# John Deere F 935 Weight



## ripper (May 7, 2011)

:hello: I'm in desperate need to find out the weight of a later 80's model JD F935 with the Yamnar diesel 22 hp. engine. It has the hydrolic front lift system with a 72 in. mower deck and 60 in. broom. I just purchased it used and now need to know the weights of each item mentioned above. Hope someone out in tractor world can help me out.
Ripper


----------



## Hoodoo Valley (Nov 14, 2006)

Welcome to our forum! From what I found, it's about 1,500 pounds........ Specifications Hope this helps! The deck I'd think would be included in that weight. Loader I'd think would be around 800 pounds. What model is the loader and broom?


----------



## ripper (May 7, 2011)

Thank you for your speedy reply. So the machine and mower weigh 1500 lbs. and the broom is a JD 246, it's a 60 in. and how much does it weigh.
Thanks


----------



## Hoodoo Valley (Nov 14, 2006)

I see nothing about the mower deck. Not sure if that's included or not. I'd be inclined to think so, but I could be wrong on that. Someone else may weigh in on that. The deck can't weigh more than say......300 lbs, so worst case scenerio, toss on another 300 pounds if you are trying to come up with a transport weight. Broom? Hold on............


----------



## Hoodoo Valley (Nov 14, 2006)

The only thing that I see helpful is a guy with this manual......... John deere 246 rotary broom operator's manual You could email him to see if he'd forward that info on that. I'd say it would be about 300-400 lbs. Keep watching here, as a member of ours might have a manual or this broom and be able to sound off. Hope this helps!


----------



## ripper (May 7, 2011)

tractor beam said:


> The only thing that I see helpful is a guy with this manual......... John deere 246 rotary broom operator's manual You could email him to see if he'd forward that info on that. I'd say it would be about 300-400 lbs. Keep watching here, as a member of ours might have a manual or this broom and be able to sound off. Hope this helps!

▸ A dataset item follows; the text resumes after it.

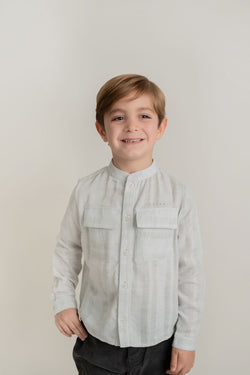 Camisa Abierta Con Bolsillos Y Cartera En Delantero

The e-mail address can't be right cause it keeps coming back to me. Would you have any other suggestions.
Ripper


----------



## ripper (May 7, 2011)

Hi again. Just letting you know that the e-mail address that's on that page must be wrong as the e-mails keep coming back to me. Any other suggestions. Thanks
Ripper


----------



## Hoodoo Valley (Nov 14, 2006)

Hold on. Let me look.......


----------



## Hoodoo Valley (Nov 14, 2006)

I located this unit........ John Deere 246 Rotary Broom | eBay according to them, it weighs about 150 pounds. You're correct. The other guy was a dead end. Does 150 pounds seem about right?


----------



## ripper (May 7, 2011)

Hi I sent the gentleman an e-mail that was on your reply and he got back to me letting me know that the JD 246 broom that fit's on front of the F 935 weighs around 550 lbs. as it is PTO driven. Thank you for all your efforts. If there's still someone out there that could tell me if the JD F935 with a 72 in. mower deck PTO driven weighs around 1500 lbs. together or not. This sounds reasonable to me.
Ripper


----------



## Hoodoo Valley (Nov 14, 2006)

I thought that 150 pounds sounded light, but that's what the ad stated. Have you tried to get a manual for the F935? In it, would be that useful info you need. Are you looking at transporting it, in regards to finding out the weight?


----------



## ripper (May 7, 2011)

Hi yes i bought a manual on ebay but haven't got it yet. Mowing is going to start pretty soon and i have nothing to haul this mower with yet.
Ripper


----------



## Hoodoo Valley (Nov 14, 2006)

Right on! You have a business, or just multiple lawns to do? Another thought is too call your local dealer. They might be able to give you better info directly. Just a thought.


----------



## ripper (May 7, 2011)

I called 4 different JD dealers and the weights quoted were from 1501 lbs. to 3700 lbs. that's why i'm trying to find an owner who has one. I even called JD in Moline and they said they couldn't find it in the manual in their computer. WOW I guess I might have to take off the mower deck and take the machine 65 miles to the scales. I'm Actually retired but do some lawns outside the city. I have one place that takes me almost 8 hrs. to do with a JD 777 Z Trac with a 60 in. deck. The F935 with the 72 in. deck doesn't fit through the back ramp door of my cargo trailer unless i take the deck off and it's to heavy to handle for even 2 people. I don't want to be making extra trips to get all the equipment out there and back.
Thanks ripper


----------